L'opportunité de travailler mieux
Dans la plupart des entreprises, le dialogue social est intense et équilibré, et non aussi conflictuel que certains esprits chagrins aiment à le faire croire. La résolution des problèmes s’appuie ainsi sur la réalité de l’entreprise en prenant conjointement en compte les besoins opérationnels et les aspirations des collaborateurs. Il est grand temps de faire confiance aux femmes et aux hommes qui font vivre nos entreprises. Si la ligne hiérarchique n’est pas suffisamment efficace pour imposer des règles de fonctionnement, les instances déjà présentes dans l’entreprise doivent pouvoir jouer le rôle de corde de rappel.
A l’heure où les outils digitaux permettent aisément de connaître et de «monitorer» la satisfaction et le bien-être des managers et collaborateurs, il est alors pour le moins étrange d’avoir recours à la loi pour imposer des pratiques qui affectent directement le bien-être au travail.
On le voit, le digital est une opportunité inédite pour les entreprises et le monde du travail en général. L’entreprise a la possibilité de se réinventer, de réinventer son organisation et la façon dont ses collaborateurs interagissent. Un bien-être accru peut découler de cette mutation: le digital n’est pas forcément synonyme de «travailler plus» mais aussi, et surtout, de «travailler mieux» (à distance, de façon moins formelle, plus souplement…). Dans cette optique, pouvoir se connecter en tout lieu et à un moment que l’on choisit est une chance et, pourquoi pas, un droit.

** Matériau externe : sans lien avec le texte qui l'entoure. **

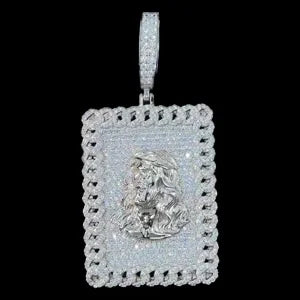 Square Minimalist Mini Iced Out Tag Pendant Necklace For Men Hip Hop Jewelry Moissanite Pendant Sterling Silver Square Pendnat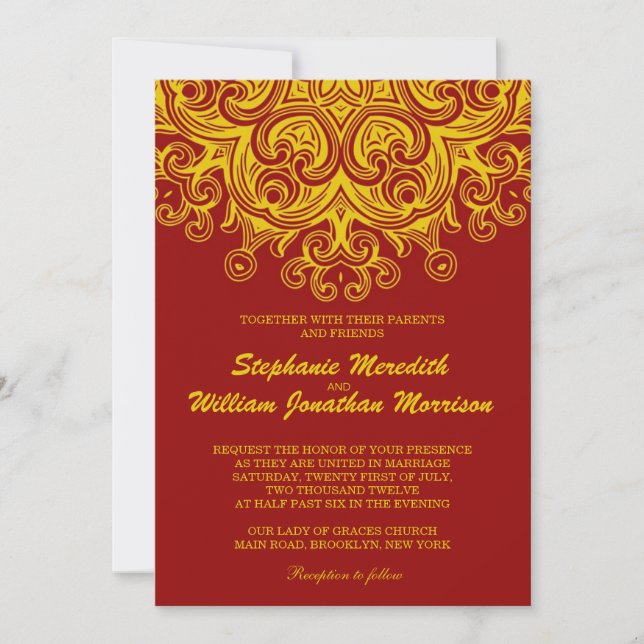 Burgundy and Yellow Wedding Invitation (Front)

On ne peut plus, en 2017, continuer d’opposer systématiquement le travail au bien-être.
Le monde change. Les millions de «digital natives», qui commencent à investir le monde du travail, peuvent-ils comprendre une telle loi? Pour eux, être connecté est une évidence, tout comme la liberté de choisir avec qui, pourquoi et quand ils travaillent.
Une réponse inadaptée à un problème de société
Cette loi serait le rempart contre un travail intrusif et «envahisseur». Nous sommes face à un mal bien français qui prête de plus en plus à sourire. Au lieu de nous adapter à un monde qui change afin de réguler les effets de ces évolutions, pour le bien du plus grand nombre, nous essayons de créer des digues bien dérisoires. Ce n’est pas en nous enfermant dans un cadre rigide et monolithique que l’on résoudra un problème de société qui dépasse largement l’environnement du travail. Comment une réponse unique et aussi peu nuancée peut-elle être adaptée à la grande diversité des situations individuelles? Pourquoi imposer une loi dont la dimension coercitive n’échappe à personne même si aucune peine ou amende n’est prévue à ce stade?
Pourquoi légiférer sur une telle question? Pourquoi la loi ne peut-elle être un cadre qui viendrait définir des grands principes et laisserait les acteurs de la vie économique libres de fixer les termes précis des règles qui les régissent?
Il est temps de regarder la réalité en face: la France n’est plus le centre du monde, elle doit se «battre» pour continuer à être attractive. Quelle image donnons-nous une fois de plus à d’éventuels investisseurs qui étudieraient l’opportunité de venir s’installer et créer des emplois en France?